Hanya bedanya, versi saya versi proletar. Beth Harmon menginap di hotel, sedangkan saya dan teman-teman cukup menginap di losmen. Bahkan pernah, di Bojonegoro, karena kami tiba terlalu malam, saya menginap di GOR bersama pecatur-pecatur pria lainnya. Baru esoknya cari losmen. Atau sering, di Malioboro, kami melewatkan waktu sampai pagi di jalanan, bersama teman yang buka kuis catur 3 langkah mati (masih adakah sekarang?).

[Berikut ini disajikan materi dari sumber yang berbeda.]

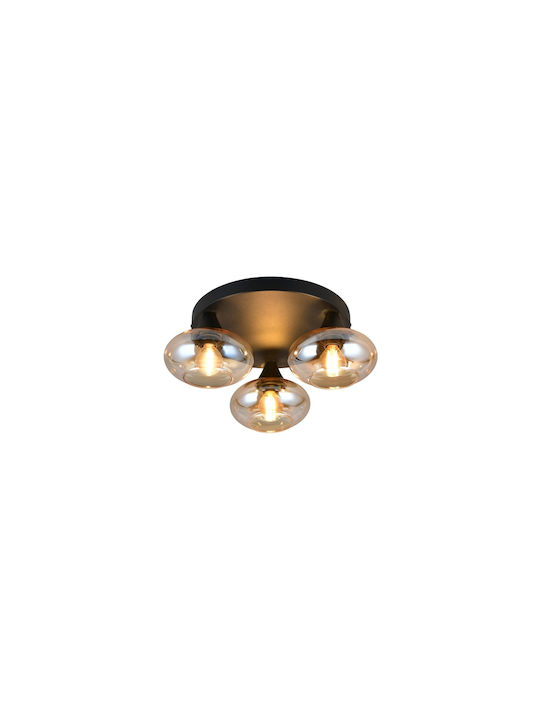 Trio Lighting Πλαφονιέρα Trio Lighting Πλαφονιέρα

Beth Harmon menikmati dunia catur yang gemerlap dengan para pecatur pria yang flamboyan, sedangkan saya menyaksikan mereka para pecinta catur yang tak segan bermain di lorong gelap, di gedung-gedung tua yang terabaikan. Teman saya tukang becak, tukang bersih-bersih vihara, pecatur jalanan yang sekarang sih saya pikir, entah segitunya cinta catur, atau memang tak ada pilihan saja.

Setiap adegan Beth Harmon dan ibunya menikmati makan malam atau nongkrong di kafe mewah, saya teringat betapa saya dan teman-teman makan sate satu porsi dibagi bertiga. Atau memilih beli kompor minyak untuk masak indomie ketika kami seminggu di Bali tahun 1994, karena beli makan di warung saat itu mahal sekali.

Tapi ya kami nggak menderita-menderita banget sih. Pertama, semua sudah diniatin demi ikut pertandingan catur. Kedua, kalau sudah dapat hadiah, royal deh, mau makan apa hayuk, karaoke hayuk. Jadi ibaratnya dunia saya itu dunia hitam dan putih. Dua kubu ekstrim jadi satu.

Oya, lagian cerita soal catur proletar ini, saya rasa nggak semua pecatur Indonesia mengalaminya. Banyak pecatur yang baik-baik saja kok, kuliah bener sampai berkarir jadi PNS, misalnya, lempeng gitu dah hidupnya tapi caturnya tetap berprestasi.

Rekomen banget

Film seri ini recommended banget buat ditonton, meskipun kalian nggak mudheng catur itu apa. Tapi kalian bisa menyaksikan dan merasakan perjuangan seseorang dalam menjalani passion-nya. Plus bumbu-bumbu romantis dan politis yang membuat The Queen’s Gambit semakin tidak membosankan untuk ditonton.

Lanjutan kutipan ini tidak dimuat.